The etiology of the malignant transformation of the epithelial component of Warthin’s tumor remains unclear. Local chronic inflammation, ischemia or hypoxic microenvironment may play important roles in mediating epithelial metaplasia to atypical hyperplasia9.
Warthin’s tumor occurs mostly in older males. In the reported cases of MEC arising from WT, the youngest one was a 35-year-old female10 and the oldest one was a 64-year-old male11. Age of onset of most patients was between 50–65 years, and the ratio between males and females was almost 1:1. There were 3 males and 2 females in the present study. The average age was 45.6 years, and the youngest was a 26-year-old female.

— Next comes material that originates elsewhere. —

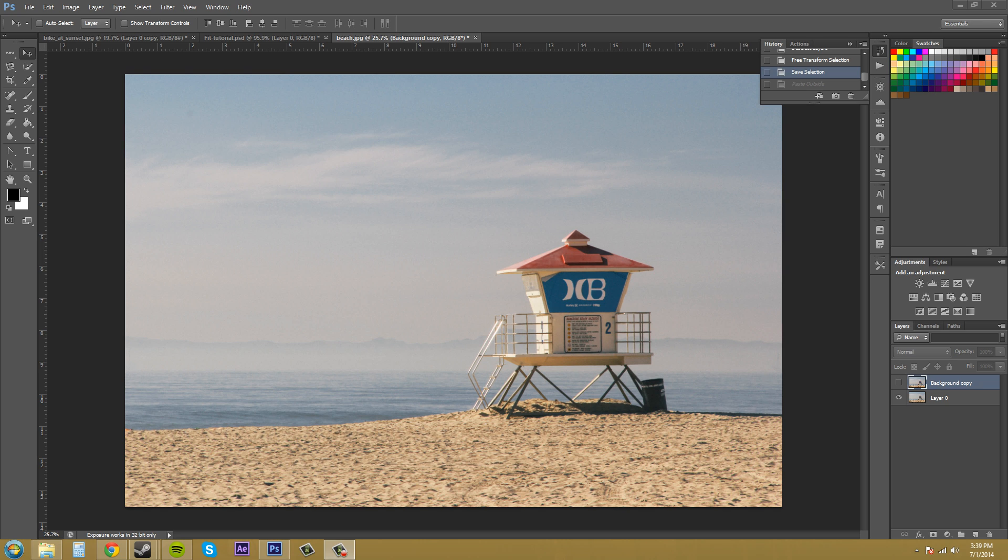Hey everybody, welcome to another exciting Photoshop CS6 tutorial. I'm your host, Buddy Blackford, and I want to talk to you about copying and pasting your selections.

Warthin’s tumor occurs frequently in parotid glands and their lymph nodes, occasionally in minor salivary glands. WT is located in the tail lobe or deep lobe of parotid gland9. Classic clinical presentation is a slow-growing painless mass, although a few cases can cause pain or exhibit rapid growth21. If the mass increases suddenly, the possibility of malignancy or inflammation should be considered. Clinical manifestations of 5 patients in our study were similar to those reported in the literature. All patients presented painless masses in the parotid glands. Notably, in one case, the first symptom was facial paralysis. Facial paralysis is rare in WT, attributed to secondary inflammation, fibrosis, metaplasia22, or malignancy. MEC arising from WT was mostly a single nodular or oval mass located in lateral parotid gland11, rarely multiple nodules or located in bilateral parotid glands5. When MEC occurred in the interior part of WT, the capsule was clearly observed macroscopically. If MEC was located at the margin or invades the capsule, the boundary became ambiguous.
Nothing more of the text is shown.